Meanwhile, the ownership trifecta has had to be aware of their responsibility to their own investors. The received wisdom was that they would listen to the right offer (for any or all of the business units) if there were interested parties.
The word is that this past summer a deal to acquire Kuryakyn collapsed at due diligence stage. With no alternate suitors on the horizon, the decision has been taken to fold the Kuryakyn assets (IP, inventory, R&D, receivables, dealer accounts etc.) into Tucker - where it will sit inside a crowded 'House of Brands' alongside the likes of Twin Power, Biker's Choice, Tucker V-Twin and many others.
The decision leaves a lot of careers and livelihoods in tatters in Wisconsin, of course, which is always a heartbreak. But it also leaves many questions still to be resolved - not least the status of Kuryakyn's agreements with other distributors in the United States and internationally.
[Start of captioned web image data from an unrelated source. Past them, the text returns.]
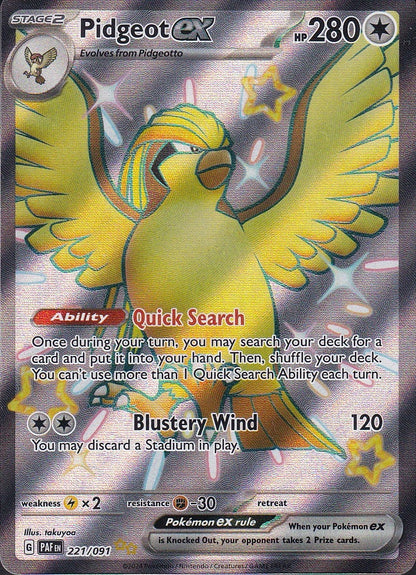 Pidgeot ex 221/091 Paldean Fates Shiny Ultra Rare Holo Near Mint card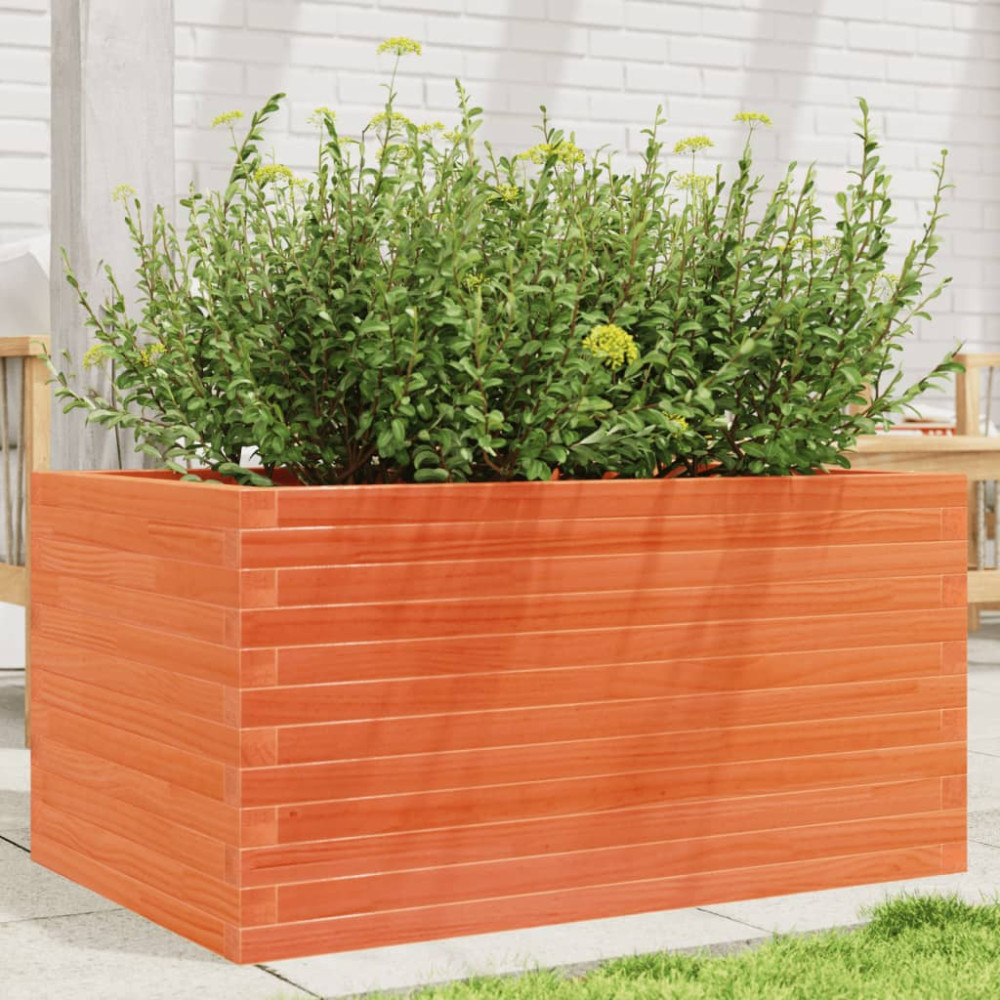 Produktbild för Odlingslåda vaxbrun 90x60x45,5 cm massiv furu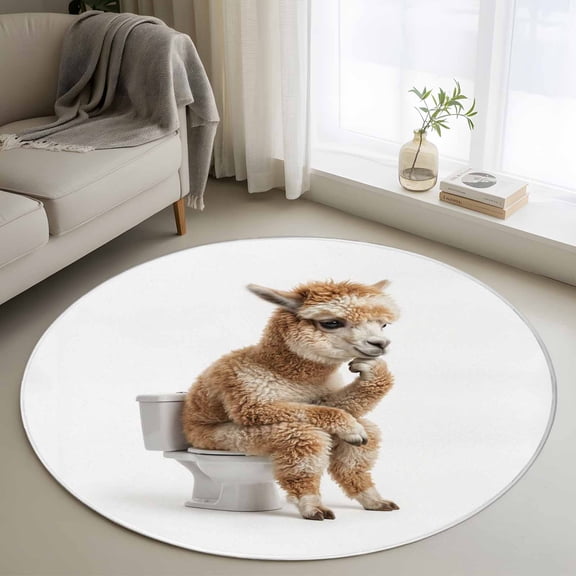 Round Area Rug 3.3 Ft, Funny Alpacas Washable Non-Slip Circle Carpet for Living Room/Bedroom, Cute Art Fun Lovely Animals on Toilets Low-Profile Small Kitchen Mats Collection Rugs for Indoor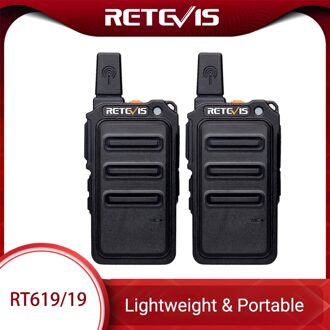Mini Walkie Talkie 2Pcs Retevis RT619 Pmr Radio PMR446 Ultradunne Romp 1-2Km Handige Twee-weg radio Frs RT19 Voor Wandelen/Camping PMR--RT619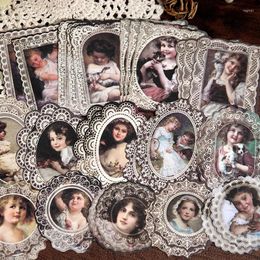 45pcs/lot Memo Pads Material Paper Lace Remembrance Junk Journal Scrapbooking Cards Background Decoration Stationery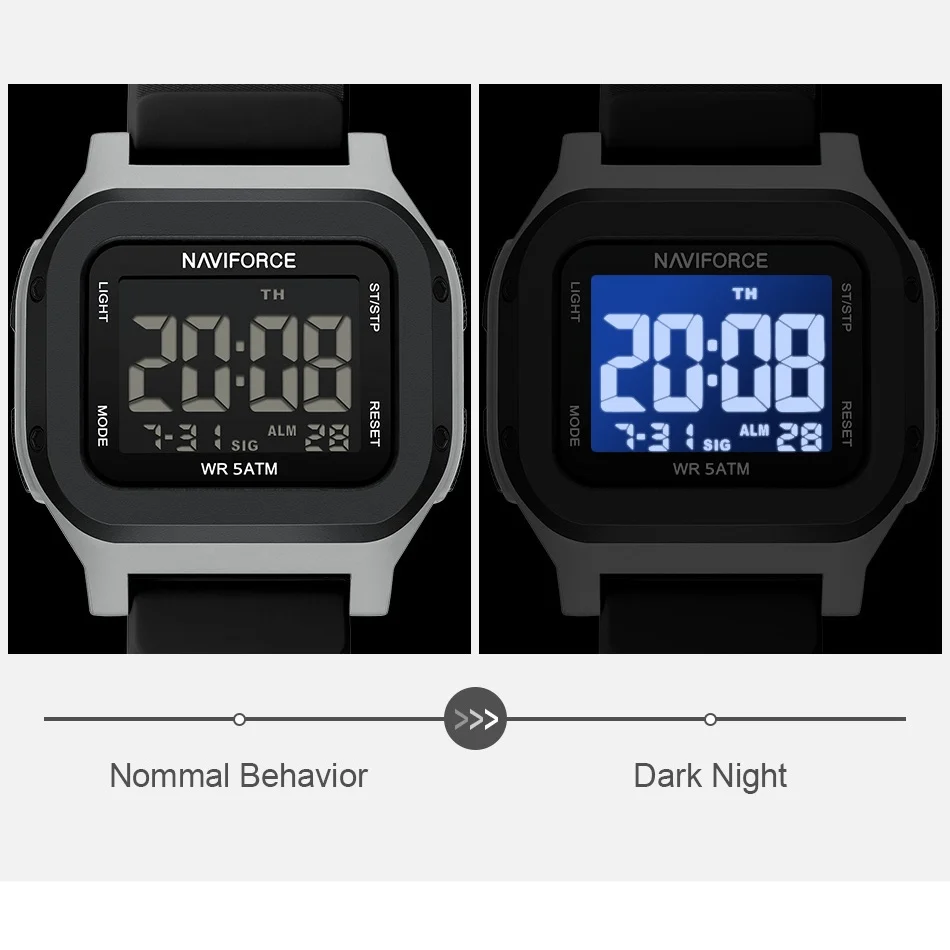NAVIFORCE Men's Fashion Timepiece Sport 5ATM Waterproof Shockproof Watch with Night Light Calendar Display Silicone Starp 2026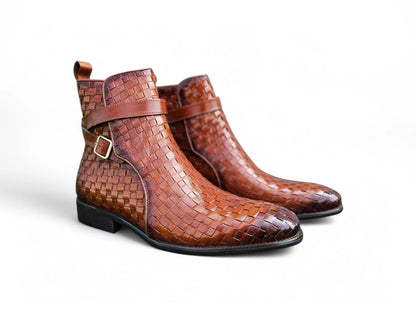Basket Weave Calfskin Buckle Boot - Image 11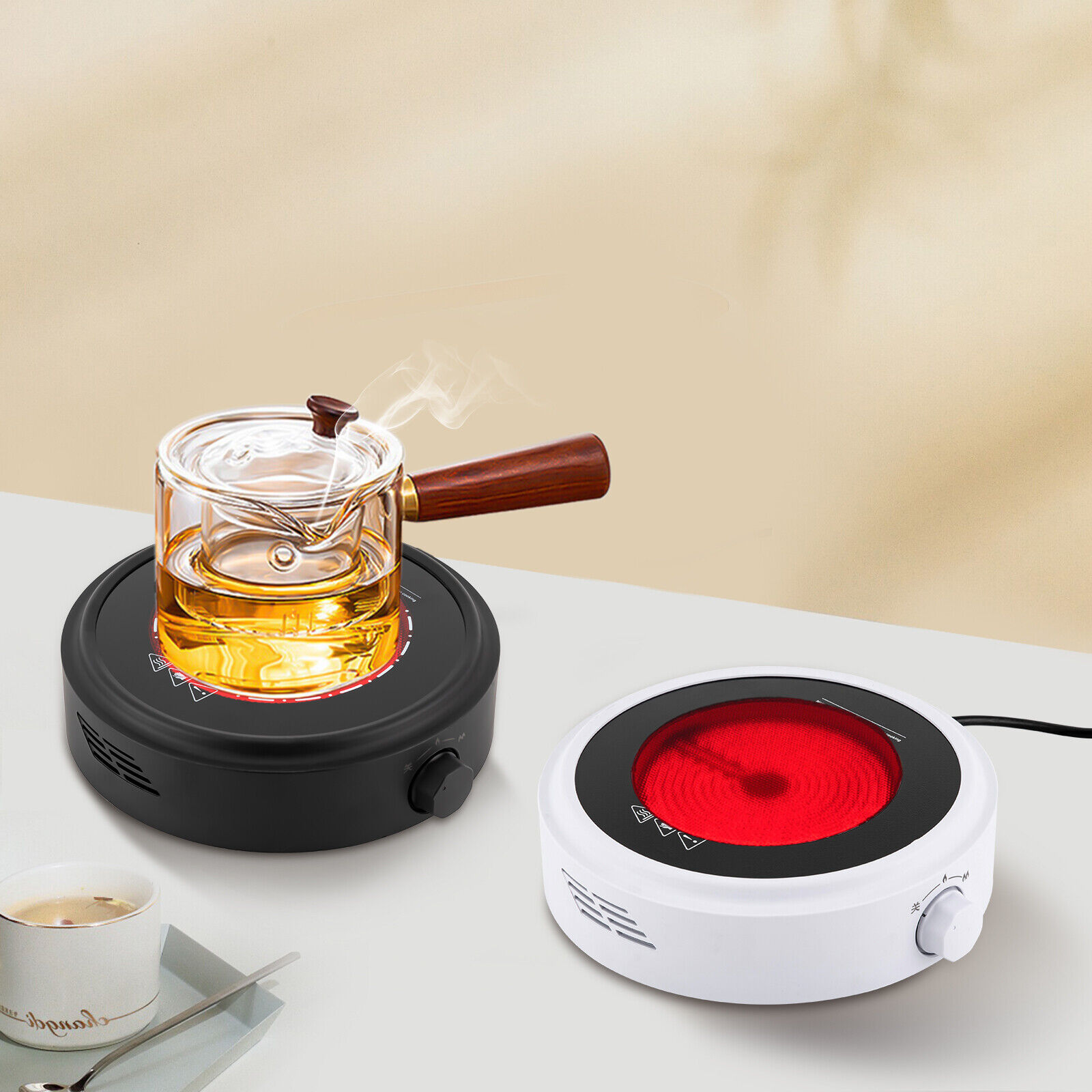 800W Electric Mini Stove Hot Plate Multifunctio Coffee Tea Heater Black / White - Fresh Stock Dated February 2026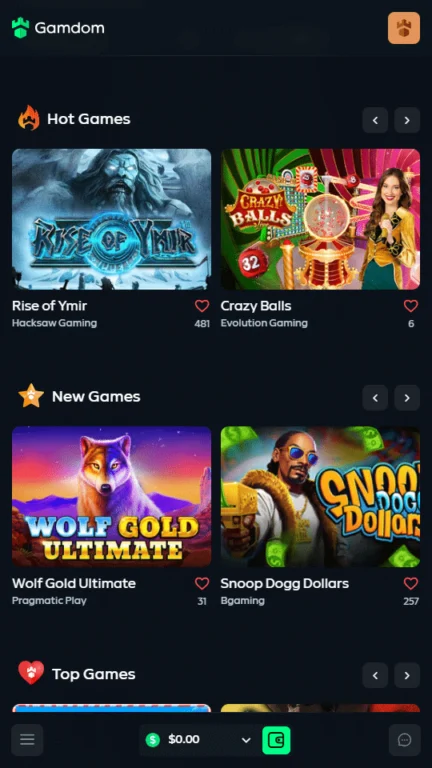 Gamdom games lobby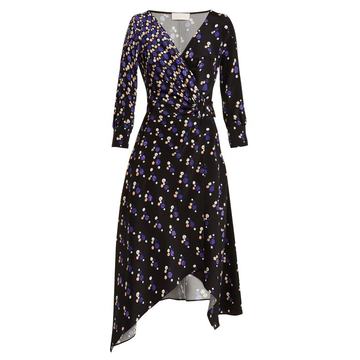 Graphic spot-print silk wrap dress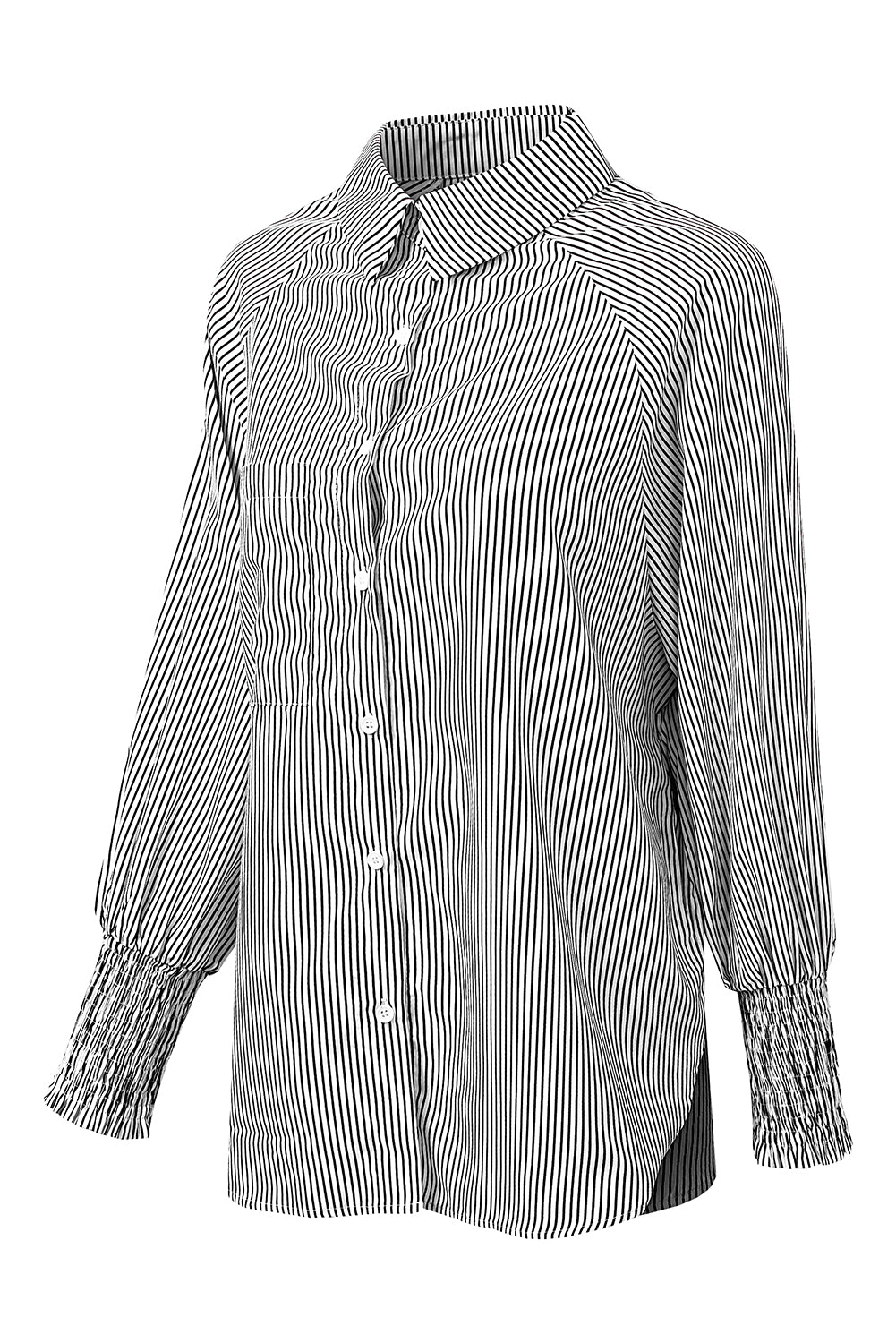 Light Blue Striped Casual Shirred Cuffs Shirt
However, from the owner's perspective, if the business was continuing to see sales decline, to haemorrhage money and fail to generate its own investment capital, then the solution is a good one - an elegant one in fact.
Marc McAllister has done a good enough job, and, above all, quickly enough, to make it a viable option - that is no small thing. As recently as 24 months ago, it would not have been feasible.
While there is work to be done to reignite the new product furnace that has always been how Kuryakyn sales were fueled, there is no doubt that, in the long run, this decision has the potential to be a very good one for Tucker's balance sheet - a very good one indeed.